>I turn off the stimulus and in my head I "re-listen" [*] to the two examples again.

>My question: what would be a 'better' word to more accurately 
>describe the [*] re-listen used above.

What you do is "replay" the acoustic mental image constructed in your mind (brain) while listening. In this case, your acoustic image is most  probably still present in the working memory (short-term memory) so you do not need to activate  your long-term memory (involved in recall from long-term storage). 
By definition, auditory echoic memory is a system that receives auditory stimuli and maintains them for a short period of time in sensory stores, and therefore represents the earliest stages of sensory memory.
See http://www.dissertationen.unizh.ch/2004/gaab/Gaabthesis.pdf 

If stored long-term it acquires the status of mental REPRESENTATION - or a mental image related to the sensorial modality involved in its perception.
By the way, a linguistic sign is defined as an association between an acoustic image and a meaning attached to it through convention.
Obviously, the  representations that our cognitive system elaborates, categorizes, and puts into relations, are not to be reduced to mirror-images of  material reality. Let's not fall into naive empiricism.

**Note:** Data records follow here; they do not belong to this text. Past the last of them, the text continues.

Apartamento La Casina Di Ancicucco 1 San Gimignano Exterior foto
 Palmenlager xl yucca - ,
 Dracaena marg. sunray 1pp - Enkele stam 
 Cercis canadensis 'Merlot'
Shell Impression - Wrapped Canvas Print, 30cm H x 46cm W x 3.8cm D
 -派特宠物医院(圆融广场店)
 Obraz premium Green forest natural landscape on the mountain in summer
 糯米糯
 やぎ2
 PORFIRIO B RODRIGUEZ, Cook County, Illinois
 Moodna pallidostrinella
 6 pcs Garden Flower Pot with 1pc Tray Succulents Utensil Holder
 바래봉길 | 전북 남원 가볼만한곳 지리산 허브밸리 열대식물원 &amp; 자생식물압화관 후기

>Am I now "thinking" the 'sounds'; thinking 'about' the sounds?
>When someone speaks to me, I almost immediately replay what they are 
>saying picking out the key aspects / features creating a hierarchy of 
>dealing with ideas which are to be handled in a quasi-sequential fashion, 
>Or is this what is partially meant by 'cognition'?

Not partially but entirely (unless you have a definition of cognition as being restricted to conscious mental operations).